### [What you have to do]
Write each line out exactly, from the one containing "A hotel room" through the final line of the data, and keep pictures out of the copy.

### [Given material]
━━━━━━━━━━━━━━━━━━━━
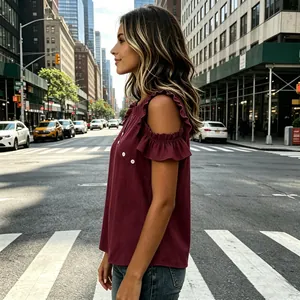 Side view of a burgundy cold-shoulder top with ruffle sleeve detail in a city setting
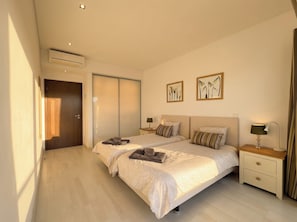 A hotel room with a double bed, two bedside tables, a nightstand, a wall-mounted air conditioner, and two framed artworks. - Apartment 'Cavalo Preto' with Shared Pool, Wi-Fi and Air Conditioning (Faro)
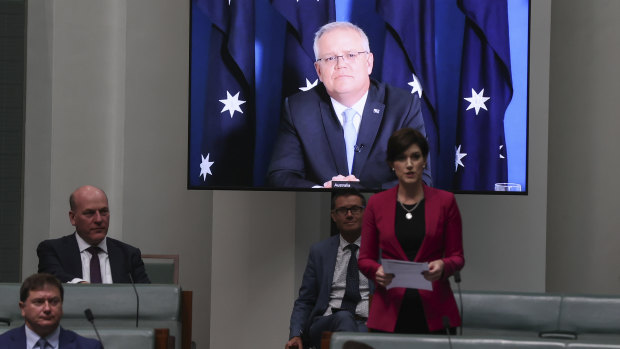 South Australian MP Nicolle Flint asks Prime Minister Scott Morrison a question during Question Time.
━━━━━━━━━━━━━━━━━━━━
### [Answer section]
 A hotel room with a double bed, two bedside tables, a nightstand, a wall-mounted air conditioner, and two framed artworks. - Apartment 'Cavalo Preto' with Shared Pool, Wi-Fi and Air Conditioning (Faro)
 South Australian MP Nicolle Flint asks Prime Minister Scott Morrison a question during Question Time.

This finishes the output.